◆ WORK REQUEST ◆
When you copy the listing, skip the images and return each line verbatim.

◆ SUPPLIED DATA ◆
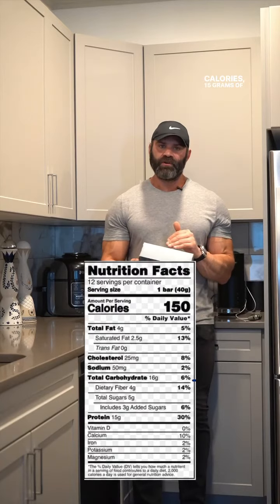This Promix Protein Puff Bar, the blueberries and cream: 150 calories, 15 grams of protein — passes the test — 4 grams of fiber, minimally processed.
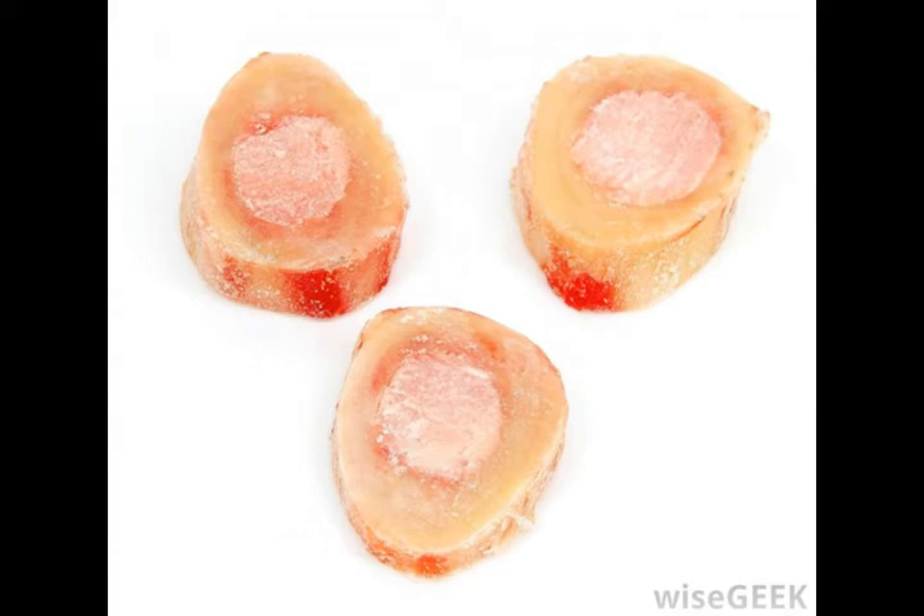Fat cells account for almost all yellow marrow. Red bone marrow creates almost all of the body's blood cells and platelets, with the exception of a few white blood cells known as lymphocytes, which reach maturity in the lymphatic tissues of the body.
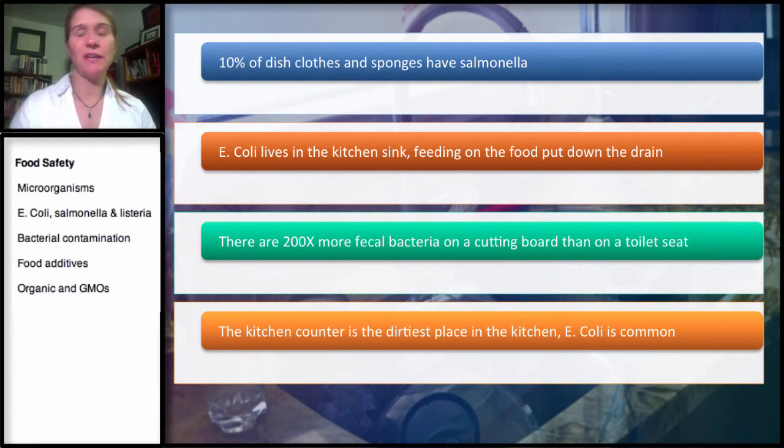The kitchen counter is the dirtiest place in the kitchen, and E. coli is common there. The kitchen counter becomes contaminated by those dirty sponges and washcloths. You wash your hands after cutting meat or handling produce, rinse the cloth, use your dishcloth to dry your hands, and then that dishcloth sits there and the bacteria multiply. If you start with one bacterium, in 24 hours you can get up to about 8 million bacteria. Then you take that cloth and wipe it all over your countertop, spreading bacteria everywhere.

◆ ANSWER TO THIS TASK ◆
This Promix Protein Puff Bar, the blueberries and cream: 150 calories, 15 grams of protein — passes the test — 4 grams of fiber, minimally processed.
Fat cells account for almost all yellow marrow. Red bone marrow creates almost all of the body's blood cells and platelets, with the exception of a few white blood cells known as lymphocytes, which reach maturity in the lymphatic tissues of the body.
The kitchen counter is the dirtiest place in the kitchen, and E. coli is common there. The kitchen counter becomes contaminated by those dirty sponges and washcloths. You wash your hands after cutting meat or handling produce, rinse the cloth, use your dishcloth to dry your hands, and then that dishcloth sits there and the bacteria multiply. If you start with one bacterium, in 24 hours you can get up to about 8 million bacteria. Then you take that cloth and wipe it all over your countertop, spreading bacteria everywhere.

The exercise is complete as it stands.